Недоуменно, словно ребенок, захлопав глазами, солдат сел, огляделся вокруг, раскрыл было рот, но ничего осмысленного произнести не сумел. Тогда я, стараясь выдержать тон как можно более дружеский, заговорил сам. Солдат прислушался, однако, похоже, ни слова не понял, и тут я вспомнил, как ошеломлен был улан, оживленный мной по пути к Обители Абсолюта.

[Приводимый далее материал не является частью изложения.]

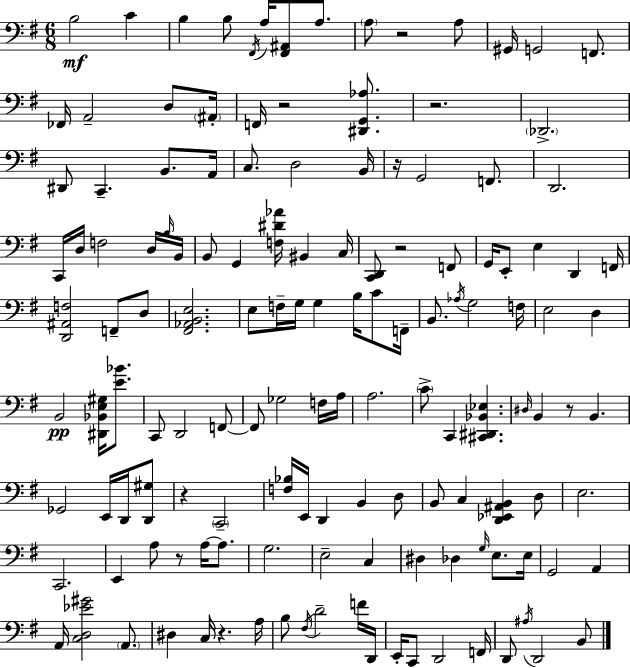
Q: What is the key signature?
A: G major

Дать бы ему напиться… но воды при мне, к сожалению, не имелось. С этой мыслью я вынул из тряпицы и разделил с ним полоску вяленого мяса, найденного в его вещмешке.
Прожевав мясо, солдат, кажется, почувствовал себя несколько лучше.
– Вставай, – сказал я. – Воды нужно найти.
Взяв меня за руку, он кое-как поднялся, но едва устоял на ногах. Поначалу спокойный до безмятежности, взгляд его становился все более диким, настороженным. Казалось, ему всерьез страшно, как бы деревья не бросились на нас на манер стаи львов, однако за кутель он не схватился и даже не подумал требовать назад фальшион.
Стоило нам сделать три-четыре шага, солдат споткнулся и едва не упал. Тогда я велел ему опереться на мое плечо и вместе с ним не торопясь двинулся сквозь заросли назад, к дороге.